◆ **What the task asks**
Every entry should be returned unchanged, with the pictures omitted.

(Provided data Opens)

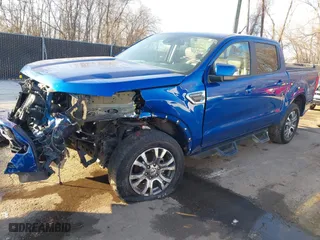 2019 Ford Ranger XL with VIN 1FTER4FH8KLA55507, listed as a IAAI auction lot 41133615 with 58,747 mi miles. Bid and sale history available at carsss.com. Image 2.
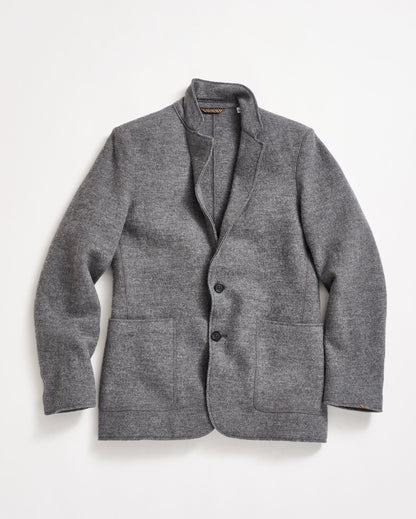 Boiled Wool Sport Coat Grey Heather Billy Reid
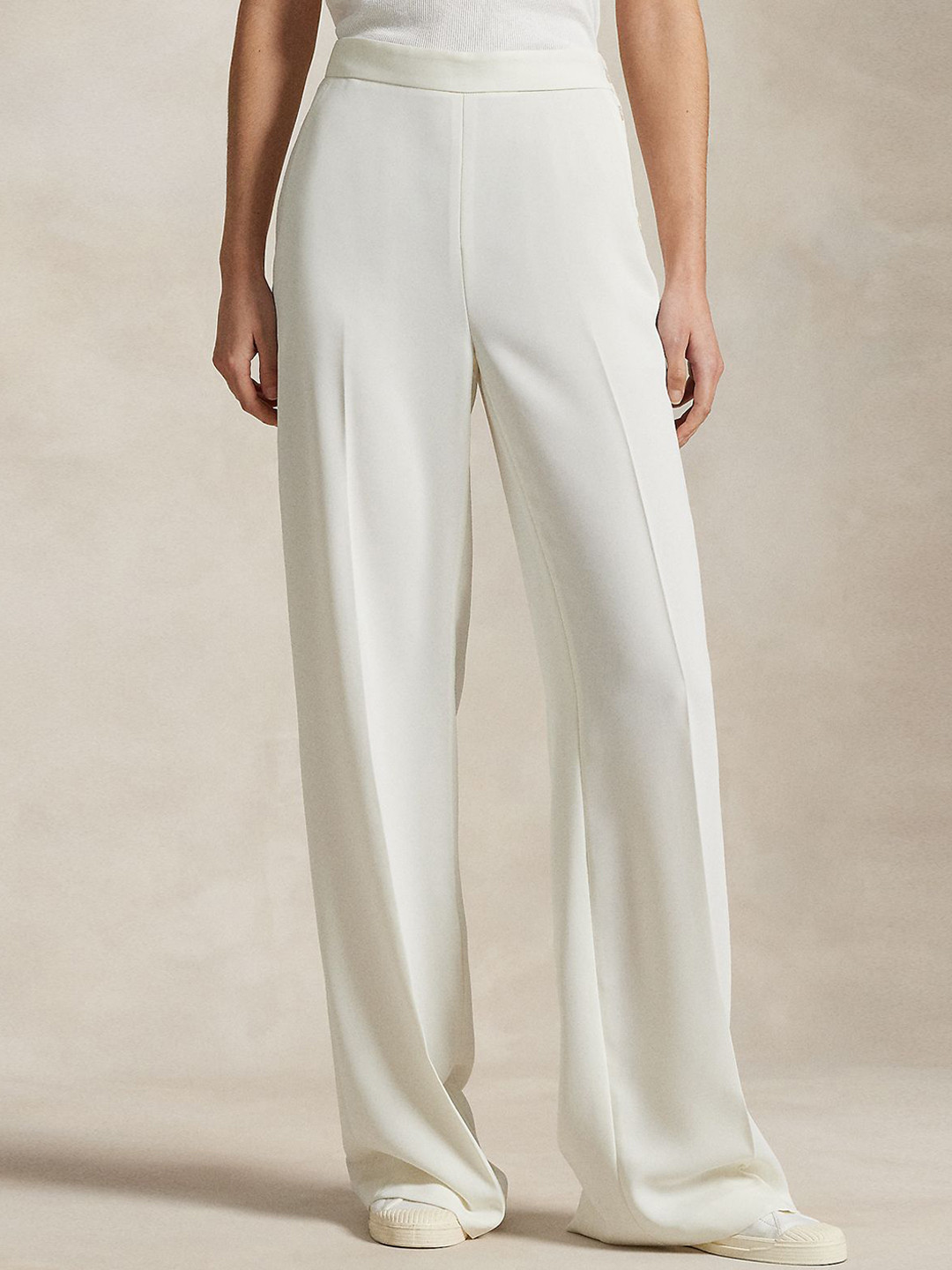 Polo Ralph Lauren Women Satin High-Rise Wide-Leg Trousers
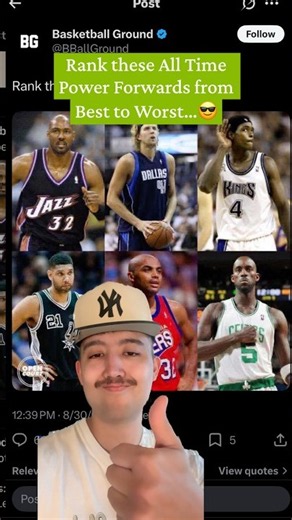 Rank these All Time Power Forwards from Best to Worst… #nba #fyp #ranking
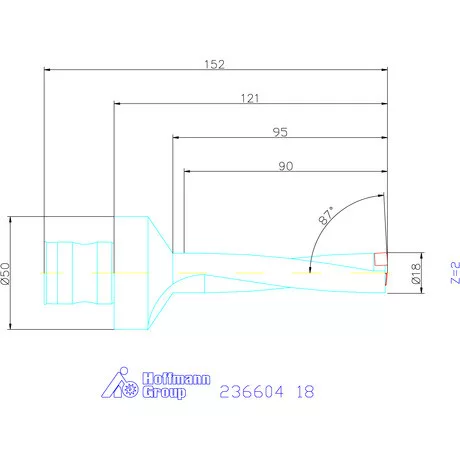 Komet KUB Pentron váltólapkás telibefúró ABS szár 18 mm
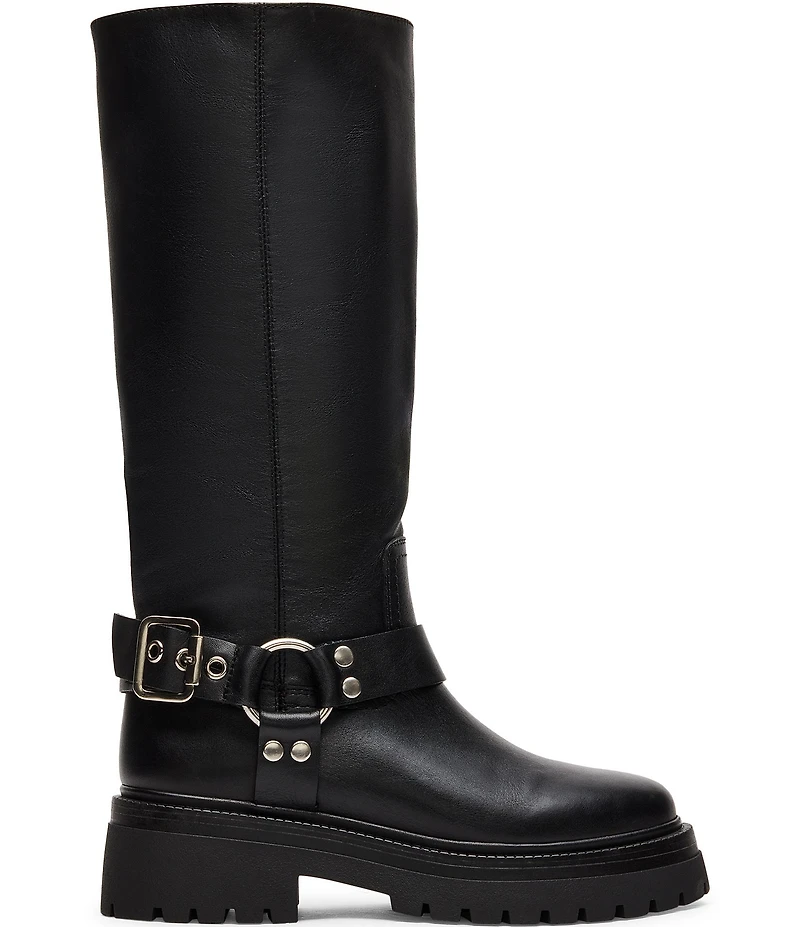 Steve Madden Everest Leather Tall Moto Engineer Boots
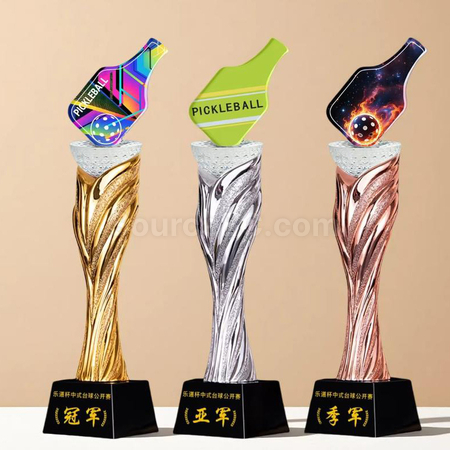 禮品訂造匹克球獎座紀念品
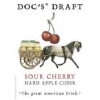 Doc's Draft Sour Cherry Hard Apple Cider label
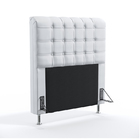 Cabeceira Dama 90 Para Cama De Solteiro Couro Artificial Bran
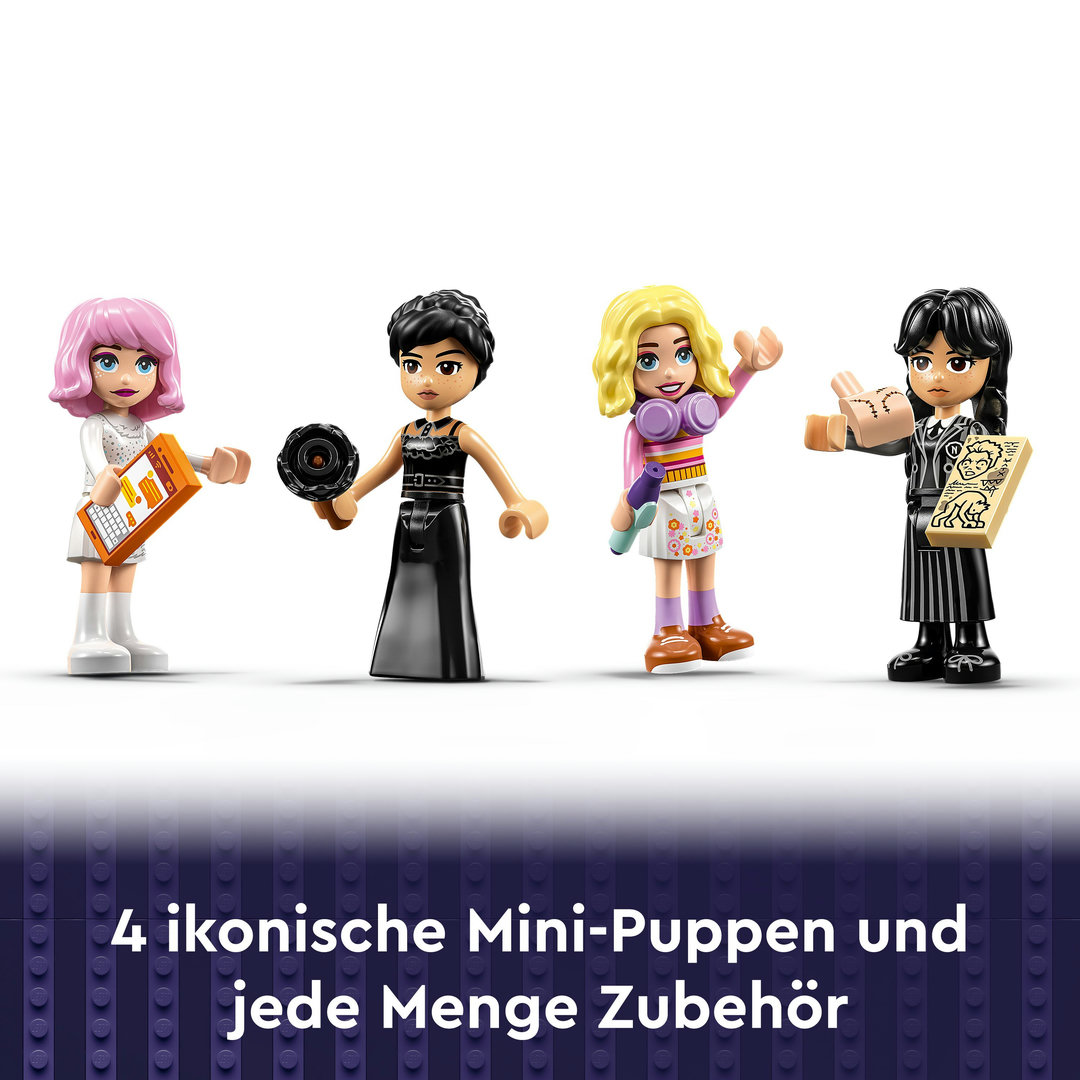 LEGO® Wednesday™ 76781 Wednesdays und Enids Zimmer im Studentenwohnheim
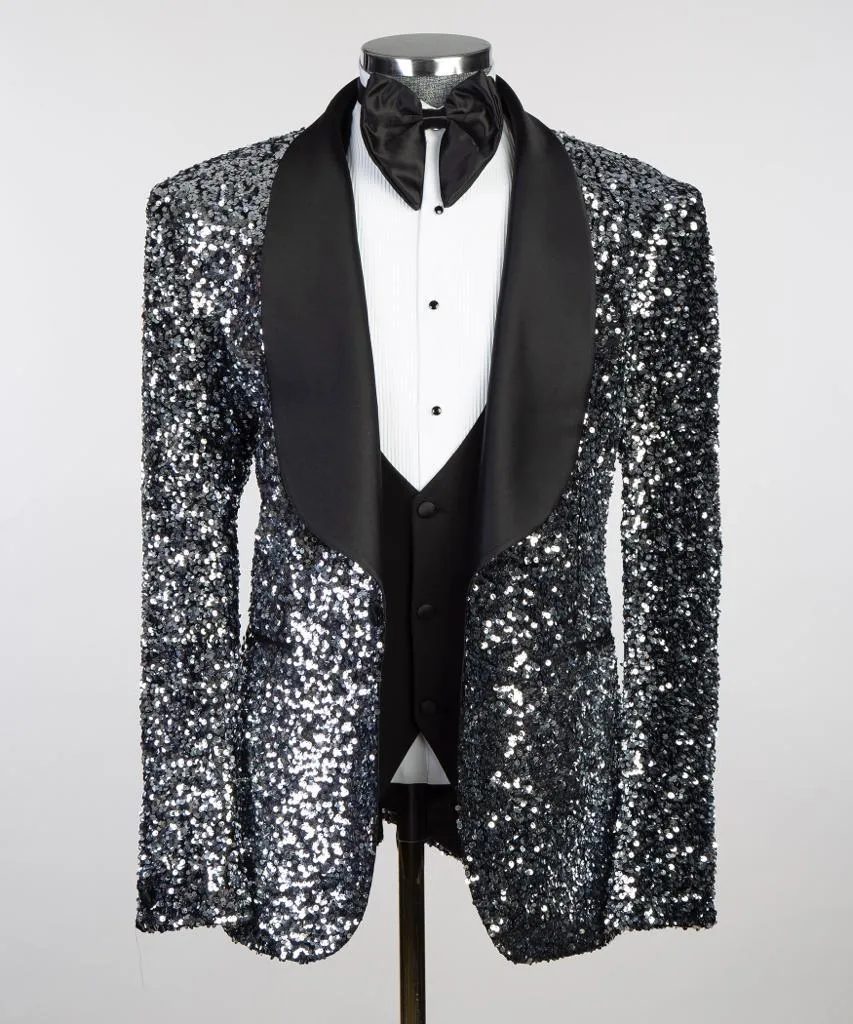 Black Glitter Tuxedo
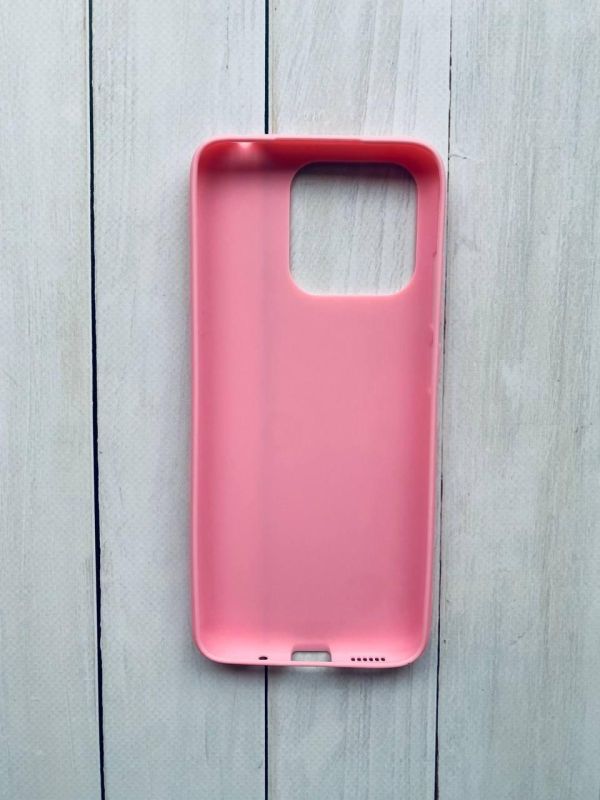 Силіконовий матовий чохол на Xiaomi Redmi 12C Рожевий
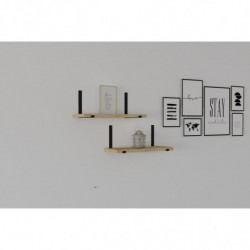 Estante de pared Lama roble zafiro Practica Hogar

(Provided data Closes)

◆ **Response to the exercise**
 2019 Ford Ranger XL with VIN 1FTER4FH8KLA55507, listed as a IAAI auction lot 41133615 with 58,747 mi miles. Bid and sale history available at carsss.com. Image 2.
 Boiled Wool Sport Coat Grey Heather Billy Reid
 Polo Ralph Lauren Women Satin High-Rise Wide-Leg Trousers
 Rank these All Time Power Forwards from Best to Worst… #nba #fyp #ranking
 Komet KUB Pentron váltólapkás telibefúró ABS szár 18 mm
 Steve Madden Everest Leather Tall Moto Engineer Boots
 禮品訂造匹克球獎座紀念品
 Doc's Draft Sour Cherry Hard Apple Cider label
 Cabeceira Dama 90 Para Cama De Solteiro Couro Artificial Bran
 LEGO® Wednesday™ 76781 Wednesdays und Enids Zimmer im Studentenwohnheim
 Black Glitter Tuxedo
 Силіконовий матовий чохол на Xiaomi Redmi 12C Рожевий
 Estante de pared Lama roble zafiro Practica Hogar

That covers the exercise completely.